**Exercise instructions**
The lines below, from the one holding "Brooklyn Downtown Revealing" through the one holding "Couchtischbeine V-Form 2", are to be restated word for word, with all images left out.

**Supplied entries**

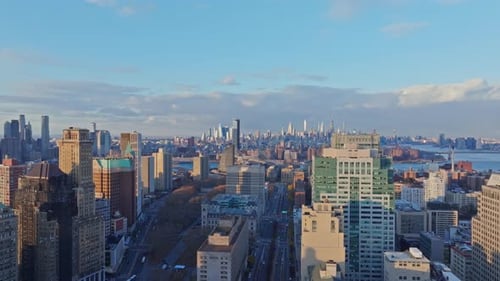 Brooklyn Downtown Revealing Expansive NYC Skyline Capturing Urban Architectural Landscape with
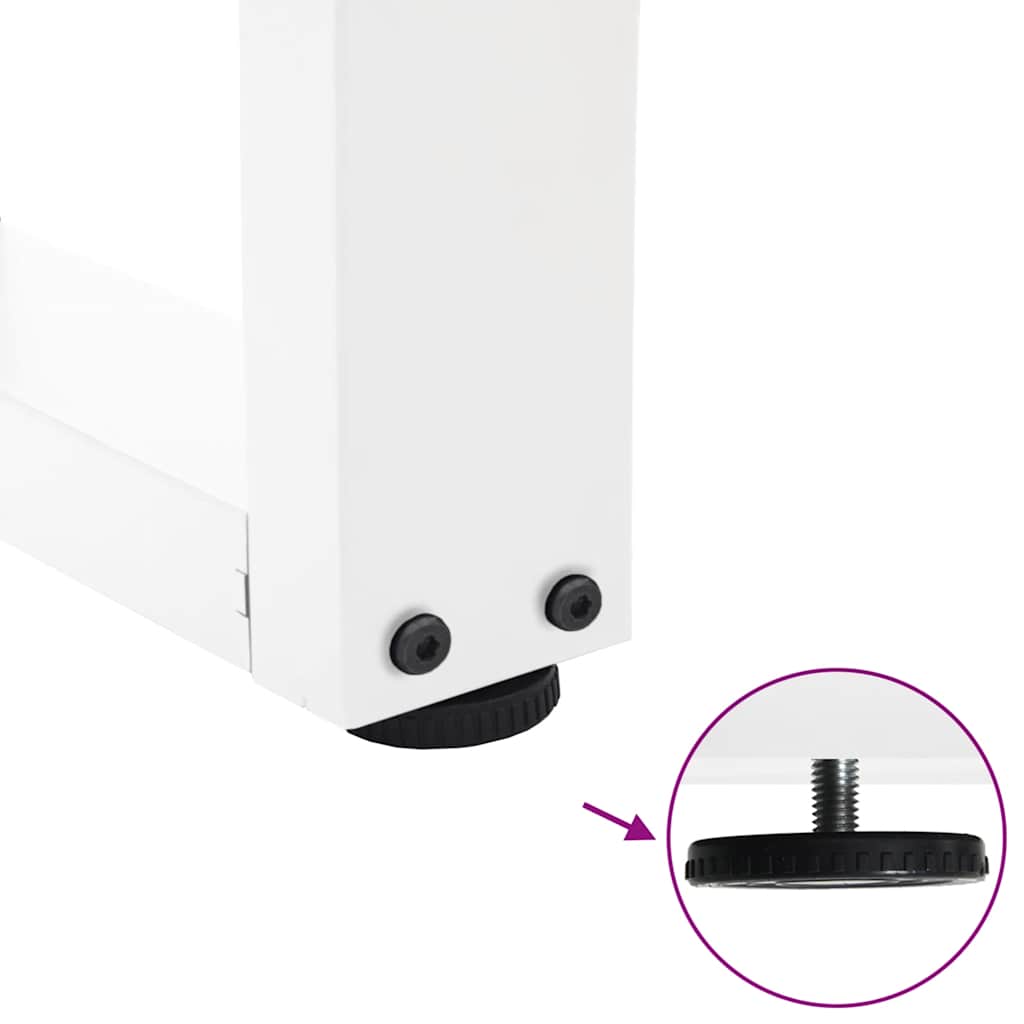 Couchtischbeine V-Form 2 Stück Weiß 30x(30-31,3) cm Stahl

==

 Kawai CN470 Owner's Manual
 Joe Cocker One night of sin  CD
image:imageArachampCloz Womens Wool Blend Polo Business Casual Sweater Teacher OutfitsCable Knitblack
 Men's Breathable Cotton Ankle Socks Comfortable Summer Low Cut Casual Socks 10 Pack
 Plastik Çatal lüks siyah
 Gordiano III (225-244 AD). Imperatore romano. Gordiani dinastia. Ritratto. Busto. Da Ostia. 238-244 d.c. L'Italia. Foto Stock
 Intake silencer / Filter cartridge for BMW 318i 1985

**Exercise solution**
 Brooklyn Downtown Revealing Expansive NYC Skyline Capturing Urban Architectural Landscape with
 Couchtischbeine V-Form 2 Stück Weiß 30x(30-31,3) cm Stahl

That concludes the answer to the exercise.